Еще утро, легкий ветерок проходит иногда по комнате, — открыты все окна. Которое нынче число? Если бы я даже не знал какое, я бы и так, кажется, мог сказать, что это конец июля, — так хорошо знаю я все малейшие особенности воздуха, солнца всякой поры года. В то окно, что влево от меня, косо падает на подоконник радостный и яркий солнечный свет, и глядит зеленая густота сада, блестящая под солнцем своей несметной листвой, в глубине своей таящая тень и еще свежую прохладу и то замирающая, затихающая, то волнующаяся и тогда доходящая до меня шелковистым, еще совсем летним шорохом. В другие окна я вижу прежде всего ветви и сучья старых деревьев — серебристого тополя, сосен и пихт, — и бледно голубое небо среди них, а ниже, между стволами, деревенскую даль: слегка синеющий на горизонте вал леса, желтизну уже скошенных и покрытых копнами полей, ближе — раскинувшееся по склону к мелкой речке поместье Бахтеярова, а затем, уже совсем близко, — старую низкую ограду нашей усадьбы, молодые елки, идущие вдоль нее, и часть двора, густо заросшую крапивой, — и глухой и жгучей, — которую припекает солнце и над которой реет крупная белая бабочка. Уже по одному тому, как высока крапива, мог бы я безошибочно определить, какое сейчас время лета.
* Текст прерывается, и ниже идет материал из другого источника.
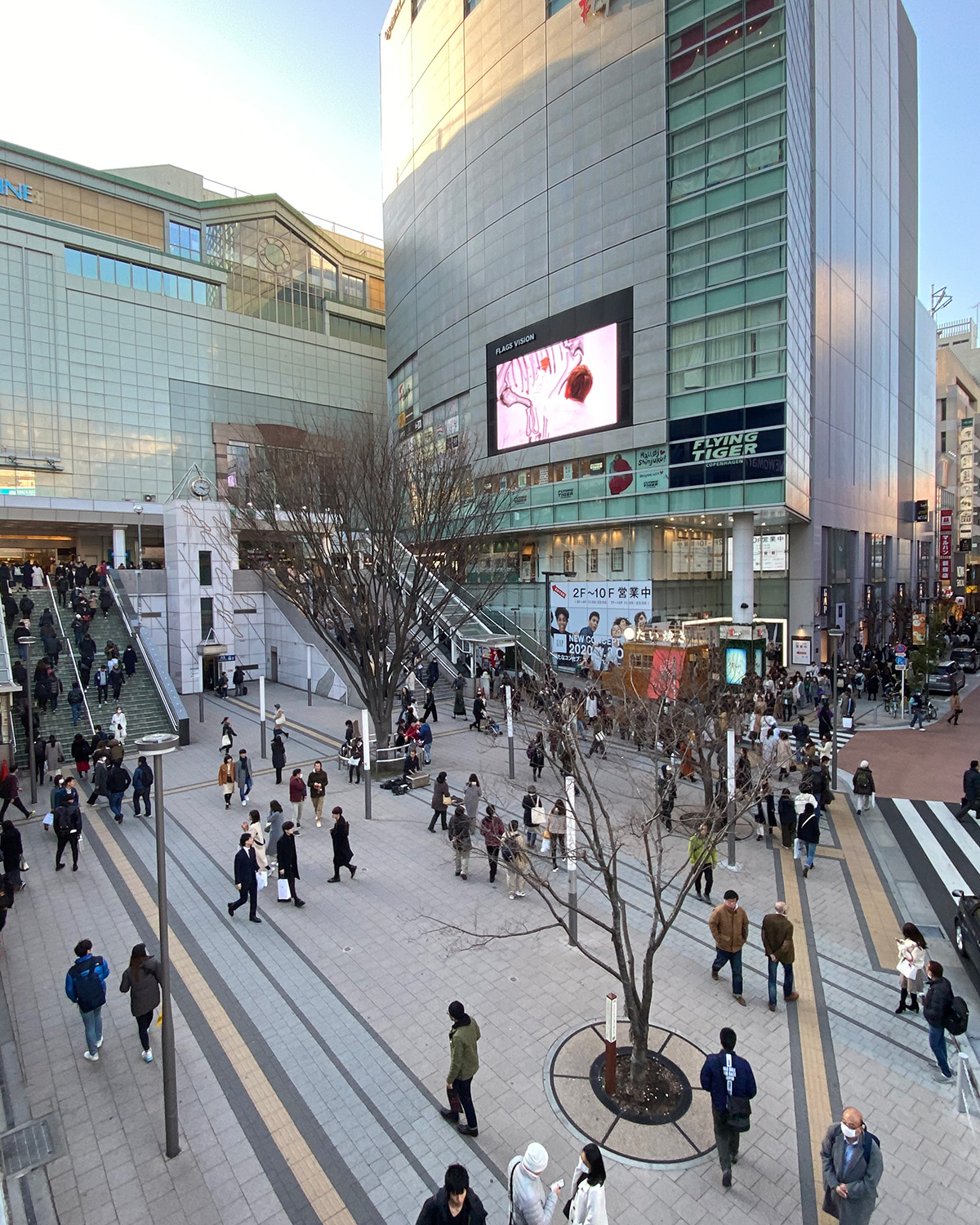 新宿駅南口のお花屋さん″として20年・フルラージュアン新宿店でいつでもお得にお花が買える「年間パスポートフラワーバック」ノベルティが3月1日 金 よりスタート株式会社ルミネアソシエーツのプレスリリース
А кроме того, сколько едва уловимых, но мне столь знакомых, родных с детства, совсем особых запахов, присущих только рабочей поре, косьбе, ржаным копнам!
И течет, течет мое спокойное, родное, счастливое деревенское летнее утро. Смотрю на пятна тени, косо испещрившей под елками ограду, на крапиву, на бабочку; потом на тихо колеблющуюся возле окон серо-зеленую бахрому корявых горизонтальных сучьев пихты, на воробьев, иногда садящихся на солнечный подоконник и с живым, милым, как будто чуть-чуть насмешливым любопытством оглядывающих мою комнату. Не слушая, я слышу то непередаваемое, летнее, как будто слегка завораживающее, что производят летающие вокруг меня и роящиеся на подоконнике мухи, слышу шорох сада, отдаленные крики петухов — и чуть внятную детскую песенку кухаркиной девочки, которая все бродит под моими окнами в надежде найти что-нибудь, дающее непонятную, но великую радость ее маленькому бедному существованию в этом никому из нас непонятном, а все таки очаровательном земном мире: какой-нибудь пузырек, спичечную коробочку с картинкой… Я слушаю эту песенку, а думаю то о том, как вырастет эта девочка и узнает в свой срок все то, что когда-то и у меня было, — молодость, любовь, надежды, — то о том, где теперь косят работники, — верно уже у Крестов, — то о Тиверии, о Капри… Почему о Тиверии? Очень странно, но мы невольны в своих думах. И я представляю себе вот такое же, как сейчас летнее утро, с тем же самым солнцем, что горит на моем подоконнике, и совершенно ясно вижу белый мраморный дворец на горном обрыве острова, столь знакомого мне, и этого человека, которого называли императором и который жил в сущности очень недавно, — назад тому всего сорок моих жизней, — и очень, очень немногим отличался от меня; вижу, как сидит он в легкой белой одежде, с крупными голыми ногами в зеленоватой шерсти, высокий, рыжий, только что выбритый, и щурится, глядя на блестящий под солнцем, горячий мозаичный пол атрия, на котором лежит, дремлет и порой встряхивает головой, сгоняя с острых ушей мух, его любимая собака…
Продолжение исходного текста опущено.